--- RECORDS PROVIDED ---

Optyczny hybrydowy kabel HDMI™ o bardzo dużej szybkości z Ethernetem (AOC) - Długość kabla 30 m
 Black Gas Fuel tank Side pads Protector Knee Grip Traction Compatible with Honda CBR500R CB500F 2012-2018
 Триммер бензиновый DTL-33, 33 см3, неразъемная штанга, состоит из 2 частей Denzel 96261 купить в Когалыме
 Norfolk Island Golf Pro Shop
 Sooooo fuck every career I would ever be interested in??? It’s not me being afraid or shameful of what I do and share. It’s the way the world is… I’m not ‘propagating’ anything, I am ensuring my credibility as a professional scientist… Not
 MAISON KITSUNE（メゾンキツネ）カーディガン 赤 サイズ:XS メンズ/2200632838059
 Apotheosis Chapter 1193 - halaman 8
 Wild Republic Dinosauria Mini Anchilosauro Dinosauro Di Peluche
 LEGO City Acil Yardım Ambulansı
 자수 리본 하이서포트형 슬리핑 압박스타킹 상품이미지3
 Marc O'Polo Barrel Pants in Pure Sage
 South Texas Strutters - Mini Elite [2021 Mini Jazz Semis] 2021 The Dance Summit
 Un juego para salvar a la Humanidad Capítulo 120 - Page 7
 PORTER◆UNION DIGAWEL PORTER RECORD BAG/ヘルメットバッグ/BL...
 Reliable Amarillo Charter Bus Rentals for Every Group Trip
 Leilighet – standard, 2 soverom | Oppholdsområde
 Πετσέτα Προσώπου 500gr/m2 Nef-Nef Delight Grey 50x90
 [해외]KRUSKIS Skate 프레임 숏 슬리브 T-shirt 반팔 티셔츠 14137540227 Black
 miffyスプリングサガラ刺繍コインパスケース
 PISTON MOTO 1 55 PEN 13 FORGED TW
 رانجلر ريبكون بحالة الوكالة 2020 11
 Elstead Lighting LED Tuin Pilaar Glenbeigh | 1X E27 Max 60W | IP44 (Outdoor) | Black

---

◆ AIM OF THE EXERCISE ◆
Copy out precisely the lines from the line with "South Texas Strutters" to the line with "Leilighet – standard, 2" in the material above, including those two lines and omitting all the rest.

◆ ANSWER SECTION ◆
 South Texas Strutters - Mini Elite [2021 Mini Jazz Semis] 2021 The Dance Summit
 Un juego para salvar a la Humanidad Capítulo 120 - Page 7
 PORTER◆UNION DIGAWEL PORTER RECORD BAG/ヘルメットバッグ/BL...
 Reliable Amarillo Charter Bus Rentals for Every Group Trip
 Leilighet – standard, 2 soverom | Oppholdsområde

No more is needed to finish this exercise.